Exit charges ought to be a part of the overall financial equation for a customer, and one of the factors in its decision-making. That overall financial equation is split into two distinct parts: the initial decision to appoint an incumbent service provider and then the later decision, to possibly change providers. Part of the problem, however, seems to be that many customers often focus on the wrong part of the equation: that is, at the outset, they regard the cost of exit as a “next generation” issue but then, when the time for re-compete comes around, they regard exit costs as something that should be entirely subsumed within the original transaction cost.
The most successful exit processes are ones in which exit charges are transparent both in terms of what level of fees is payable but more particularly in terms of what will be paid – or priced into – what revenue stream.
Crucially, payment and charges should be fair and balanced between the two most commonly held views, either that customers expect an exit to be handled at no extra charge (especially in a for-cause termination) or that service providers expect to be paid at full day rates for all extra termination services.
Exit service disputes between customers and service providers often derive from lack of clarity about who bears the costs of the services to be provided, i.e., whether such costs should be paid by the customer as part of the ongoing payments during the term of the contract, or paid separately as the exit services are being delivered. There are a number of permutations and variations in relation to exit services payment mechanisms, and some have led to more disputes than others.
Often, outsourcing contracts take the position that if a termination is due to a service provider’s material default, the service provider is required to provide the exit services at its own cost. The rationale is that the payments would often form part of a claim for damages anyway, and therefore the service provider may as well bear the cost up-front to save the customer having to make the damages claim. In some jurisdictions, this is considered to be market practice.
We do not generally support this approach of linking the level of exit service payments to the underlying cause of a termination. A seamless transition may be worth paying for if a business is vulnerable to service disruptions and it must be remembered that a service provider will have little incentive to deliver, or to ensure quality, if there is no payment for its services.
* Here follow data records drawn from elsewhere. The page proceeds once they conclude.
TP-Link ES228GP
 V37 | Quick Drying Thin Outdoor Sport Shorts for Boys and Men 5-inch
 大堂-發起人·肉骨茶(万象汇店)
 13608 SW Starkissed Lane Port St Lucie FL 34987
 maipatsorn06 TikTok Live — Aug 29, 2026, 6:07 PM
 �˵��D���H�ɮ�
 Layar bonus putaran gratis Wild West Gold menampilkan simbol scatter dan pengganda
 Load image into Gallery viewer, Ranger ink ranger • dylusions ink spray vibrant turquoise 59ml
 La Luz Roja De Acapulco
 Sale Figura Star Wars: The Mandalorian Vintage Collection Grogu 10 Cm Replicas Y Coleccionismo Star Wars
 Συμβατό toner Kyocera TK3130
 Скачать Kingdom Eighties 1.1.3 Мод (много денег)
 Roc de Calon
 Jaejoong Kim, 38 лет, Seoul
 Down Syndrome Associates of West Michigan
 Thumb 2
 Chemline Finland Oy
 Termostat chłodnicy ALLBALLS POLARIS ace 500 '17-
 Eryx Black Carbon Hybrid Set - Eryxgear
Our Practice Guide takes the position that the most controversial thing about the exit process should be that it ought to be uncontroversial. Of course, the parties may be wildly in disagreement about the underlying cause of the exit. Often, such disagreements are hard to avoid, with allegations and counter-threats about who is to blame. But the issue too often is that parties can’t separate their contractual antagonism from the need for cool analysis to make sure that the practical exit process runs smoothly.
In practice, there’s no silver bullet that will ensure a perfectly smooth transition in the exit phase. It’s possible to use sensible planning techniques and best practices to anticipate and avoid many of the most common problems, but there’s no magic solution and it’s not possible to legislate for every possible scenario.
Outsourcing parties can achieve a vastly improved exit scenario by taking simple steps to recognize that, for example, continuity of services for the customer is significantly more important than saving a few dollars, euros or pounds – or that the service provider has as much need to plan its future resourcing as the customer needs certainty in services delivery.